---------- Provided records

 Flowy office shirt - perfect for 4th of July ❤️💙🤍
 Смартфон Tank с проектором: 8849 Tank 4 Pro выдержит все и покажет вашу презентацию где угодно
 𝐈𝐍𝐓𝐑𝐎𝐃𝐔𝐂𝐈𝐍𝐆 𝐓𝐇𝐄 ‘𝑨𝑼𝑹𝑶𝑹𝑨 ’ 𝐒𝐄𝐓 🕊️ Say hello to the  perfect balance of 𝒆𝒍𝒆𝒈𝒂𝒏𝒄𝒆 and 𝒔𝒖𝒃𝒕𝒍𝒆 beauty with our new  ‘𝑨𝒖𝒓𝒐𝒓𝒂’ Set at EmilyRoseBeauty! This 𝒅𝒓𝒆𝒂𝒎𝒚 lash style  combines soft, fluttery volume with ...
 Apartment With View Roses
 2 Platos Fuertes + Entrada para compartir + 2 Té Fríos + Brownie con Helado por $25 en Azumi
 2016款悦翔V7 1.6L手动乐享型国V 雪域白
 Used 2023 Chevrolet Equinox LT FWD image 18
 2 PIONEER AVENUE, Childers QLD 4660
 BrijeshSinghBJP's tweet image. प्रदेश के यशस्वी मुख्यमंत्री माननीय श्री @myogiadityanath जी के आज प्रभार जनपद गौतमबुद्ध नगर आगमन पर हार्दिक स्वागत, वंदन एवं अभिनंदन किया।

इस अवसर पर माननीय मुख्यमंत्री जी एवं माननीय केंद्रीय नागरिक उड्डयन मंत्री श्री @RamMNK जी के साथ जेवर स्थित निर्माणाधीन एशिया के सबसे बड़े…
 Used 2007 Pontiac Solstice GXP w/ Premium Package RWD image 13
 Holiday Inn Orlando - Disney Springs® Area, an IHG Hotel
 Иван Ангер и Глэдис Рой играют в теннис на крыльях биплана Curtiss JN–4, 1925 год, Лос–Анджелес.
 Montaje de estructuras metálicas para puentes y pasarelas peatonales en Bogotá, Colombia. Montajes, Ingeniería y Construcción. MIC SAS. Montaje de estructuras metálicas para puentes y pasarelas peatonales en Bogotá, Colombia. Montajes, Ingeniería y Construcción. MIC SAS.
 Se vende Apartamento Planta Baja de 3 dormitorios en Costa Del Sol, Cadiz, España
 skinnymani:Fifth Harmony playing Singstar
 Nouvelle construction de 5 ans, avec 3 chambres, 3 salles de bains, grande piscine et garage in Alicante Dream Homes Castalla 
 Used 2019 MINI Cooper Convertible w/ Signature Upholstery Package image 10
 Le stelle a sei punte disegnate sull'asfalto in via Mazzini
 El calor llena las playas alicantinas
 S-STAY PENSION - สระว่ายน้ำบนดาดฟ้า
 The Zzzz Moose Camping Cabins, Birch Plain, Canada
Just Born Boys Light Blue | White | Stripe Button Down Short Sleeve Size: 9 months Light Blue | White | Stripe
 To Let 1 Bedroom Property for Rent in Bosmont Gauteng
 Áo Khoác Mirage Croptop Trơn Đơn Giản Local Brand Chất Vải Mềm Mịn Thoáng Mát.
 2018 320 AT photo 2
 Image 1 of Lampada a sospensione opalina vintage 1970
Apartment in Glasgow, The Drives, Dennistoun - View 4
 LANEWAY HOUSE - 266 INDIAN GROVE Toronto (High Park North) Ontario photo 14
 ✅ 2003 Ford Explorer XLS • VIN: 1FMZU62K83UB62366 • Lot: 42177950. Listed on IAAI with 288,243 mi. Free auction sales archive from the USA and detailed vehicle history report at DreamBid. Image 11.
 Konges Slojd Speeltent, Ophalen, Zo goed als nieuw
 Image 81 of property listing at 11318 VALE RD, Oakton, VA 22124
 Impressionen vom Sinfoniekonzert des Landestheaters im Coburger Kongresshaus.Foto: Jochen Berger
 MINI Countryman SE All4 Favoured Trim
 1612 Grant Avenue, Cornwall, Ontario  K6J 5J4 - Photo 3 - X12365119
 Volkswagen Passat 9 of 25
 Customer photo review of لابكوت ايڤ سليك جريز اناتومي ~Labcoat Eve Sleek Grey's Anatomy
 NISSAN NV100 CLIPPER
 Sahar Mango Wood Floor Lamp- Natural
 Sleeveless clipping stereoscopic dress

--------------------

Task to carry out
Write out each line above with the word "Apartment".

Solution for this problem
 Apartment With View Roses
Apartment in Glasgow, The Drives, Dennistoun - View 4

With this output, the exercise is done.